EXERCISE: As soon as the line containing "Round Neck Sleeve" appears in the material below, start returning lines exactly, and end with the line containing "Couscous Sauce Blanche".

SOURCE MATERIAL:
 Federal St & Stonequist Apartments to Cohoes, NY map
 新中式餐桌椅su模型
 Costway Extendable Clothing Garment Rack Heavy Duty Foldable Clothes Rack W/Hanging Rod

* * *

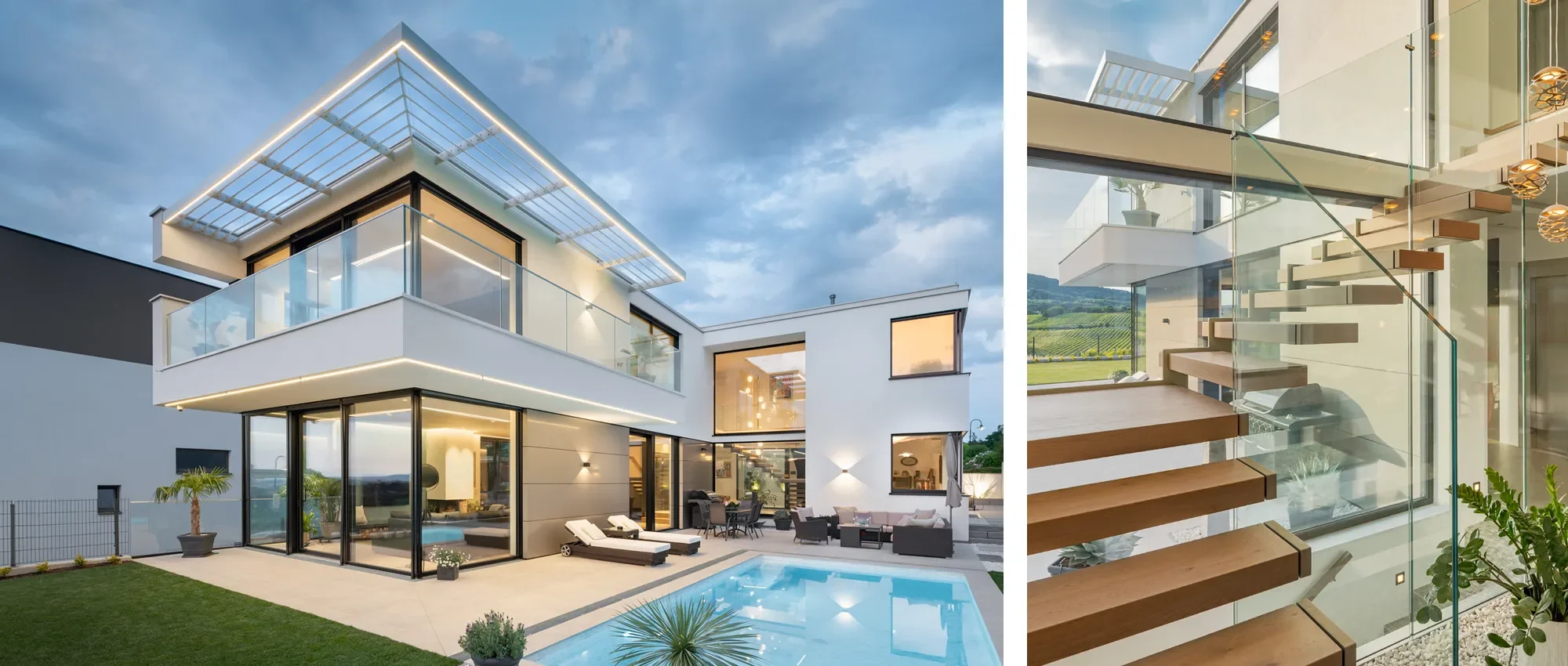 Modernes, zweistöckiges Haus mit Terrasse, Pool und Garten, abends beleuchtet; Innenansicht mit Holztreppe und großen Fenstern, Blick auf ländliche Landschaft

==

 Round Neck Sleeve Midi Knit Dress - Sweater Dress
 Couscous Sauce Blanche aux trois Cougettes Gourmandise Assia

TASK RESPONSE:
 Round Neck Sleeve Midi Knit Dress - Sweater Dress
 Couscous Sauce Blanche aux trois Cougettes Gourmandise Assia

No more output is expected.